ところで、「名前(姓)のルーツ」についてです。ご存知のように江戸時代は、百姓、町人衆は苗字(姓)を名乗ることが許されませんでした。しかし江戸期後半かららしいのですが、百姓町人でも苗字を公称するものが出てきました。藩に一定以上の献金をした者には、それが許されるというもの。これには訳がありまして、逼迫した藩財政のたてなおし策の一つで、そこには必要にせまられたやむを得ない事情があったのです。

絵師になったり役者になると姓を私称した形跡もあります。あくまで私称ですが。松尾芭蕉は武士の出ですからよいとして、井原西鶴の井原は、お上のお目こぼしであったと何かで読んだことがあります。

明治3年には、「平民も姓をつけよ」という太政官令が出ました。西洋のまねと、封建の強制終了ということもあったと言われています。しかし、大阪あたりでは、なかなか面倒がって実行しなかったらしいのです。当時、隠し姓というものがあって、言い伝えで、先祖は、戦国期の武士だという家が多くありました。そういう家は、それを生かして届け出たそうです。言い伝えのない家は、神主や住職につけてもらったりしたといいます。小生の姓のルーツもその辺かと思われます。

日本の姓のもとは源平籐橘(げんぺいとうきつ)ですが、明治のこの時代「藤原」を名乗る家が一気に増えたといわれています。
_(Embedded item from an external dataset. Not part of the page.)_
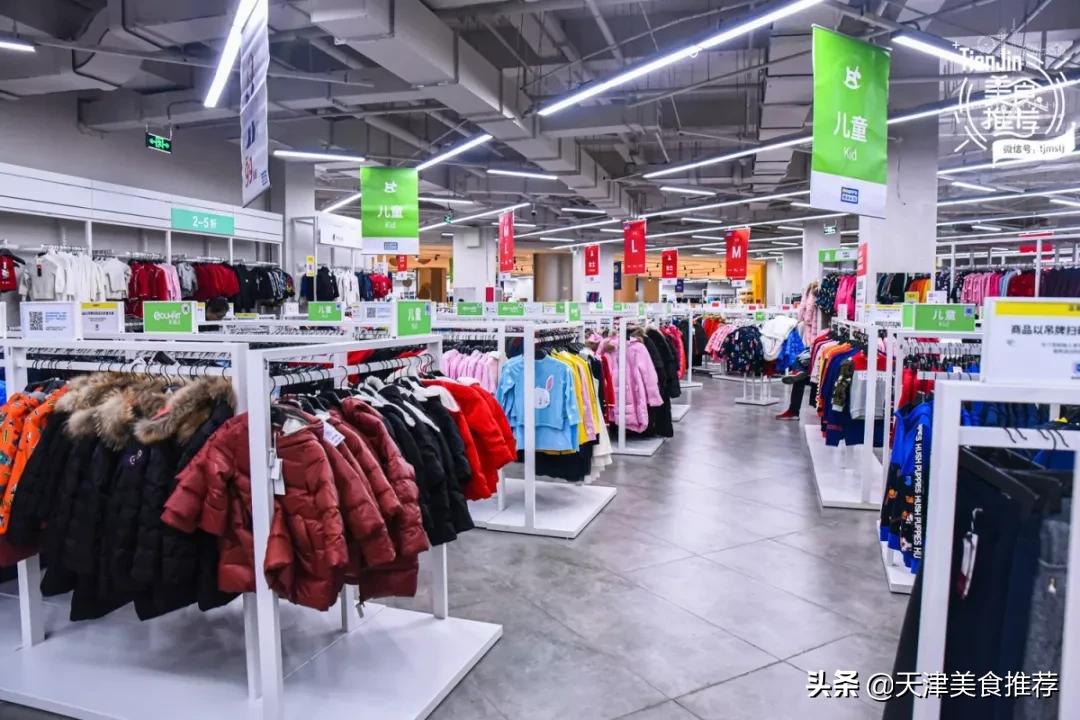 天津哪里有小奥莱,500块钱逛奥莱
鎌足や、不比等、道長といった昔の名家の人気が、理由だったようです。一方、藤原家は、本家の公卿でさえ近衛、鷹司(たかつかさ)、九条、二条、という具合に苗字を変更しました。本物の藤原がその姓を手放しているというのに、やたらと藤原家が生まれたというのは、明治の創姓ブームの愛嬌ある副産物だったと言えるでしょう。
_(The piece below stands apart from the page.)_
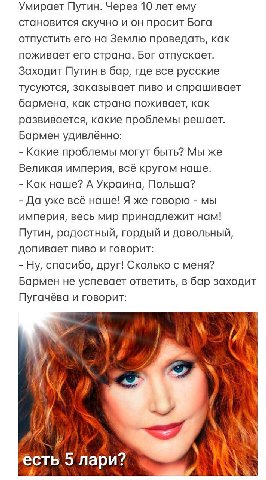 Умирает Путин. Через 10 лет ему становится скучно и он просит Бога отпустить его на Землю проведать, как поживает его страна. Бог отпускает. Заходит Путин в бар, где все русские тусуются, заказывает п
面白いのは、水戸の下村嗣次(あるいは木村嗣次)という人物が脱藩して攘夷運動に加わり、のちに首領株となった新撰組の芹沢鴨(かも)のことです。首領である彼は(おそらく新選組の別のグループによって)暗殺されました。活動期間が短かったこともあり、どういった人物かは調べてもわからない。ただ、「鴨」という妙な名は、同時代およびその過去にも見当たらないことから考えますと純粋独創で、大胆な発想の風変わりな前衛詩人のような人物を想像してしまいます。

残念ながら歌とか詩とかの傍証材料もまず見当たらないので、何とも想像の域を出ませんが、「鴨」の名前を歴史に記録しただけで、詩人としての仕事を果たしているように思えます。

長くなりました。
今日は皆様にとって、きっといいことがある「鴨」。